By Hazzan Barbara Barnett
This week’s Torah portion contains three of the most famous lines in Torah. It is called the Birkat Kohanim, but also the “three-fold blessing” or the “priestly blessing” (the English translation of Birkat Kohanim).
May Adonai bless you and guard you!
May Adonai’s face shine upon you and be gracious unto you
May Adonai bestow favor upon you and grant you peace!
It’s a powerful three, very short lines.
It is the final line that draws my eye this morning in a world filled with conflicts big and small, local and global. “Grant you shalom.” I use the Hebrew because although I could translate it as “peace,” I think the word “wholeness” is more precise here. Peace is amorphous, slippery and elusive. Wholeness is another thing, an attainable thing—something that can emerge from within and not from without. The blessing is written in second person singular, to each individual who receives it—not to a family, not to a community.
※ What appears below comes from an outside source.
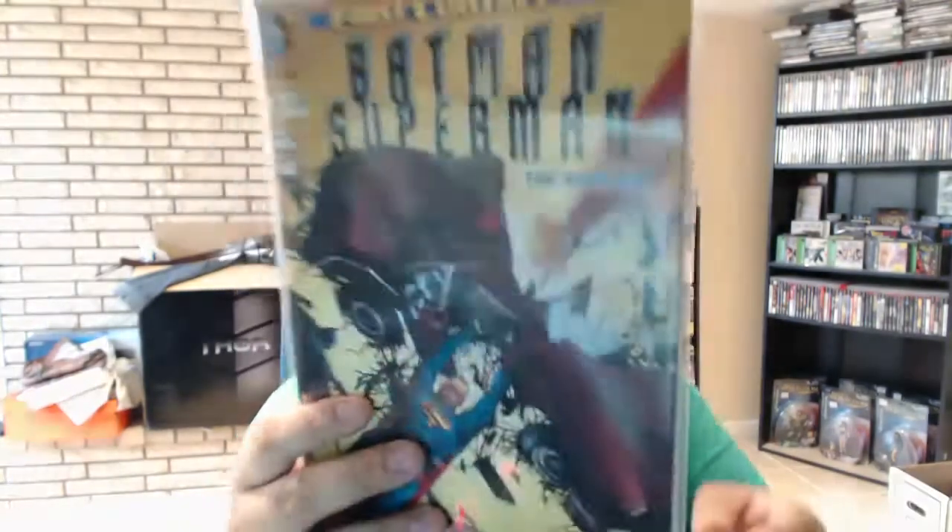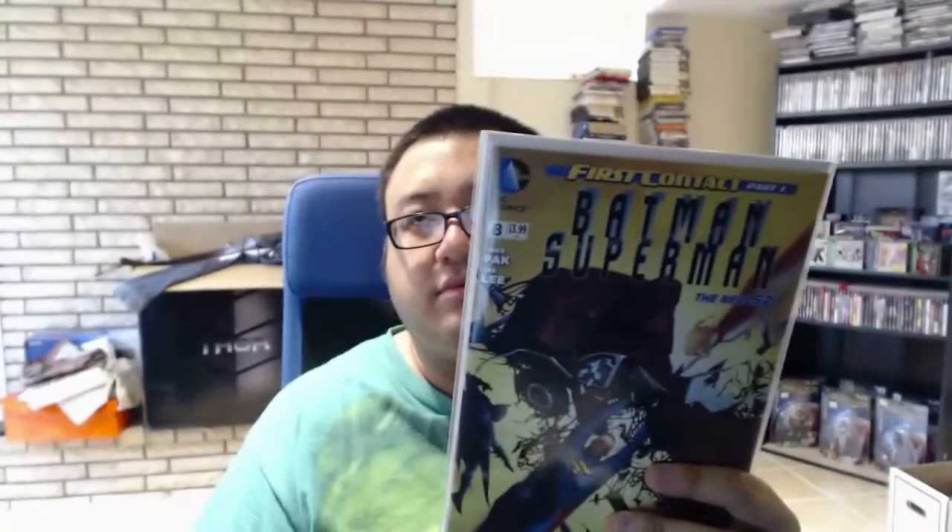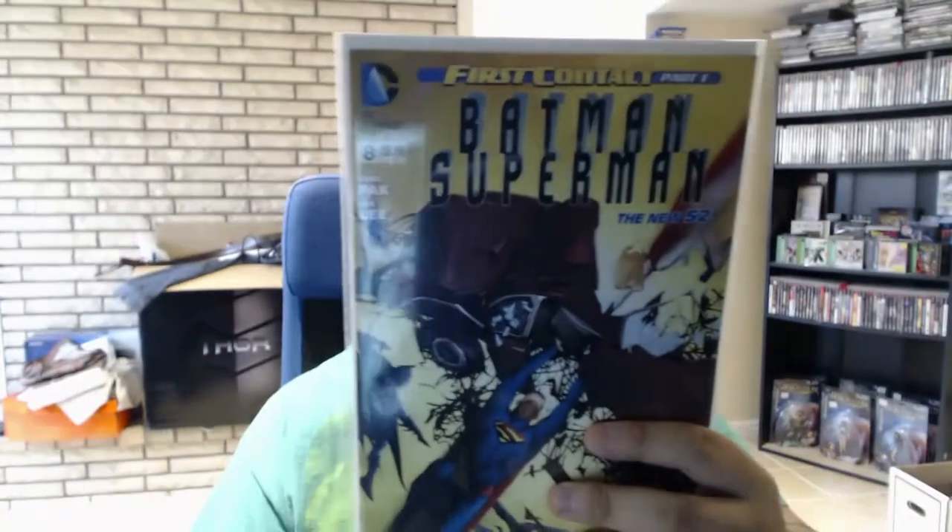Next is X-Men Battle of the Atom issue 1 — pretty cool cover, and I skimmed through it at the comic shop. It was pretty cool seeing all the different X-Men show up. Then Batman Superman issue 8, which I think is actually the one that ties into World's Finest rather than the Annual.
Perhaps personal “wholeness” can emanate both from the spiritual connection to G-d as implied by the second blessing and by the more material blessings suggested by the first (as interpreted by Rashi). If we cannot have “peace” in our world, in our lives at this time, perhaps we might find a way to toward a sense of being whole—whether that is to enjoy the warmth of a spring day, to look up at the stars or to simply breathe deeply.